Posted: Tue Jan 26, 2016 10:46 pm
by sirdavis
ALGORITHM FOR ETL PROCESS ON DIMENSION TABLE.

I creating a standar algorithm for an ETL process on loading a dimension table. I expect you can suggest me or fix my process with your best comments.

STEPS:

1. Validation input file: header, detail and trailer.
2. Linux command for placing the file and grant permissions in the proper allocation and files.
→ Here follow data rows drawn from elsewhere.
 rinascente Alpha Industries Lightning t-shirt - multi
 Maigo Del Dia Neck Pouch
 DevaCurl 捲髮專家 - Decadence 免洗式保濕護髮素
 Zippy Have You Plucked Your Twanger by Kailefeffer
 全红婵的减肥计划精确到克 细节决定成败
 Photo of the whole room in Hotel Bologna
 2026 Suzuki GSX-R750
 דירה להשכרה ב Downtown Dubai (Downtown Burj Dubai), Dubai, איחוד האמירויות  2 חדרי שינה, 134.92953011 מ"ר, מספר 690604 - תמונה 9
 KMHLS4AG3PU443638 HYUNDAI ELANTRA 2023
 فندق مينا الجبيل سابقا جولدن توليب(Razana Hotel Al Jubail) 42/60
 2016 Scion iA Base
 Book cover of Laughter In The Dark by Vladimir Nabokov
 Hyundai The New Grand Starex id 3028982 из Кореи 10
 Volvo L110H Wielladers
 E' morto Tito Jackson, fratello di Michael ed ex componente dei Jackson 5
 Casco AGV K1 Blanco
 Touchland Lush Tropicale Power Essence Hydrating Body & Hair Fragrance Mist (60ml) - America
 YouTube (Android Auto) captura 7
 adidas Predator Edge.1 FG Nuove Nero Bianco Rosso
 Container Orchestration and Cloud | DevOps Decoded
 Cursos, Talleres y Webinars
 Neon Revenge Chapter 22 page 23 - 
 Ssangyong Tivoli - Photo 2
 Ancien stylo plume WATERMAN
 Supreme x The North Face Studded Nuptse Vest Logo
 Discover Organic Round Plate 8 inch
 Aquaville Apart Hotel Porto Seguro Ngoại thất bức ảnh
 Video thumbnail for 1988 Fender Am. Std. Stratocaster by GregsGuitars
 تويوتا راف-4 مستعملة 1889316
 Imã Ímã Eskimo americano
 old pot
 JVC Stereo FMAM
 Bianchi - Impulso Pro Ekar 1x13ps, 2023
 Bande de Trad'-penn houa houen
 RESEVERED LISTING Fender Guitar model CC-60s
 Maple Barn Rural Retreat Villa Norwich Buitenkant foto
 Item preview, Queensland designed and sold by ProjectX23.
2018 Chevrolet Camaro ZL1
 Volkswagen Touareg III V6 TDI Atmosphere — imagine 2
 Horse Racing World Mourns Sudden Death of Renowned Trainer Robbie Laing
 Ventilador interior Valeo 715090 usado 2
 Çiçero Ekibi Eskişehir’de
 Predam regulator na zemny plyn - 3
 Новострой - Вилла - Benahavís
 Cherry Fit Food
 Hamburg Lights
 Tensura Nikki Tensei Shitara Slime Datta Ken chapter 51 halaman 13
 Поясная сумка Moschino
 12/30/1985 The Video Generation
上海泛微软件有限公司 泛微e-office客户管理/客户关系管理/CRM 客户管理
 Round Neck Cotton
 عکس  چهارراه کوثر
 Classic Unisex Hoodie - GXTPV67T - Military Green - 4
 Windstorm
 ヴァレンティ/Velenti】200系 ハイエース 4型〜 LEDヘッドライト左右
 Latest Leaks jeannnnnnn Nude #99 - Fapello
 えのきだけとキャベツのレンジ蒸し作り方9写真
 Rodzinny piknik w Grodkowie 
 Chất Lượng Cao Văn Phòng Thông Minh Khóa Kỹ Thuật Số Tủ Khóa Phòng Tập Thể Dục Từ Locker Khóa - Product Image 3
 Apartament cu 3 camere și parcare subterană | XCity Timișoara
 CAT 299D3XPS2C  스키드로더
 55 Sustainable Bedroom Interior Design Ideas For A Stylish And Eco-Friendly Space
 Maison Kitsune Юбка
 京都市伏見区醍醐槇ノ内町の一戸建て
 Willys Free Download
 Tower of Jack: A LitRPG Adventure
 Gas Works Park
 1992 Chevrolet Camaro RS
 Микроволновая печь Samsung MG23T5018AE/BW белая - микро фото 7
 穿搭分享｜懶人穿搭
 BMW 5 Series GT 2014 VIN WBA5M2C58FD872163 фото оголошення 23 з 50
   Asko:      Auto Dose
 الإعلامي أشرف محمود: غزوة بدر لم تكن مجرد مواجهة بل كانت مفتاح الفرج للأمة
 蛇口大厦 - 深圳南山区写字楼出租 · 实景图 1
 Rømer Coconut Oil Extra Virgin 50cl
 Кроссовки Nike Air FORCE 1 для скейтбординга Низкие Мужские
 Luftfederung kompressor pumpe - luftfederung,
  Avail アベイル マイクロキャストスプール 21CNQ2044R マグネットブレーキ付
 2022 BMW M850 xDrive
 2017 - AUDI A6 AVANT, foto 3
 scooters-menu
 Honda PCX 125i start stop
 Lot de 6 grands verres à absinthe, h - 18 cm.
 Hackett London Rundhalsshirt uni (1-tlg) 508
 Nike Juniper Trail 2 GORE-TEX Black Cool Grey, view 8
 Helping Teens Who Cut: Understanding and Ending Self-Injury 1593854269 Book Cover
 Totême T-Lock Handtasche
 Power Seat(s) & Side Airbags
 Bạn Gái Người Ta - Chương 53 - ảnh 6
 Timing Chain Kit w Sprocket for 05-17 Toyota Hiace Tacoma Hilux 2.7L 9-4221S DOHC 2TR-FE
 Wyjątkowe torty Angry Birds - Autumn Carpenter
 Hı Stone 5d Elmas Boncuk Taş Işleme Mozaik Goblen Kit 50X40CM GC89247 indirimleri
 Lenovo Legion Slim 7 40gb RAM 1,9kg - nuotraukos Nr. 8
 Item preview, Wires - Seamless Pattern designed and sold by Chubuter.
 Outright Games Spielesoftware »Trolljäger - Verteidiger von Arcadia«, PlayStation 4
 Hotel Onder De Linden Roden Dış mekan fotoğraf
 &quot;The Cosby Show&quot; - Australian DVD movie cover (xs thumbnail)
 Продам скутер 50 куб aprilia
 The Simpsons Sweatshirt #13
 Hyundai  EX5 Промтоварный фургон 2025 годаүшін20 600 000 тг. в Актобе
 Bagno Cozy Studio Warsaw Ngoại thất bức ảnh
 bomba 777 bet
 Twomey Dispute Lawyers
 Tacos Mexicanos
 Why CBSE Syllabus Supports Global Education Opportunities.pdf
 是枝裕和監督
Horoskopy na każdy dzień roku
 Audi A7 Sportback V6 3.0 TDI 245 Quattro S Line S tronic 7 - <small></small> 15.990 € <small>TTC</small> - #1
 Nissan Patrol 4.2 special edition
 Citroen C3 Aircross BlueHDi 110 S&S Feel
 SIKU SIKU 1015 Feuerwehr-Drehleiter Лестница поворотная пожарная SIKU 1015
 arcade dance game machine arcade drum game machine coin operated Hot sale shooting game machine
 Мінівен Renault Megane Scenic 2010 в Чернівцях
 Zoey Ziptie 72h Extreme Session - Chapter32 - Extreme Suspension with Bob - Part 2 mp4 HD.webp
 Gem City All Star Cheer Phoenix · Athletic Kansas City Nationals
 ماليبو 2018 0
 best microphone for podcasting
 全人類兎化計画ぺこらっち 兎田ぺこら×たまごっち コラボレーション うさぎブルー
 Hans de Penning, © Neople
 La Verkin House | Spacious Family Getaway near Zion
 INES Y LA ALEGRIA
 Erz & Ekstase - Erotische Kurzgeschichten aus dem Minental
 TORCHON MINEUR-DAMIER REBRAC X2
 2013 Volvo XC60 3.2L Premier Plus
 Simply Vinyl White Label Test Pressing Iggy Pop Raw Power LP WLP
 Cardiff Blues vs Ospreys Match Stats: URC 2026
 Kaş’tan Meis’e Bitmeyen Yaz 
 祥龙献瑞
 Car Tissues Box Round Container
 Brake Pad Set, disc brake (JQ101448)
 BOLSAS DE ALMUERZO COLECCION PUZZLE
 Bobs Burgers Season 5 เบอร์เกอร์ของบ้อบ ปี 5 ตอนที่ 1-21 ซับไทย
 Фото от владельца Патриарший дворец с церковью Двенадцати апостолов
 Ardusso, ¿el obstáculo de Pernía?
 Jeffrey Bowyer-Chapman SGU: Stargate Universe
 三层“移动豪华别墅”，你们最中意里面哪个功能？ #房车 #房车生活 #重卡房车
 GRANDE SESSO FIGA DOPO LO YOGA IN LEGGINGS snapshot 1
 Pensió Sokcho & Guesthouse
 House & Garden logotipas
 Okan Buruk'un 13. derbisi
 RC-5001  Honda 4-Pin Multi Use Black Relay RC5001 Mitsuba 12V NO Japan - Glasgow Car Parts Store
Variable environments and parameters.
3. Connect using the proper data source to the input file.ram
4. Sort the file before applying a transformation, if necessary apply a filter.
4.1 Apply the proper transformation process.
5. Load stage table -temporary table- previously it has been truncated and created index must be done.
6. Loading strategy.
6.1 Bulk mode
6.2 Insert or Update -DELTA process-.
7. Generate log file and update the control table processes and go to step nine, otherwise increase the complexity of the process.
7. Apply the join using the joiner component -hashed file- between input file and target table.
7.1 Tune the query if we have to join several input files and one target Dimension table.
7.2. divide and conquer: generate a join per every two input files, and generate a final join between the input files and target table.
8. Loading strategy.
8. Generate the log file and notification for process finished and failed.
9. Create a plan for failing process and rerun option.
10. Trigger the process -sequence- as per the dependency and priority and timely.
11. Your best suggestion

sirdavis :idea:

Posted: Wed Jan 27, 2016 7:43 am
by chulett
Welcome. That's... an interesting list. For grins, can you verify we're talking about a Type 2 dimension here?

ps. Not really an algorithm, more of a process or procedure.

Posted: Wed Jan 27, 2016 4:14 pm
by ray.wurlod
Welcome aboard.

Use a Slowly Changing Dimension stage, which does all of that and, further, handles Type 2 and Type 1 (or some combination thereof).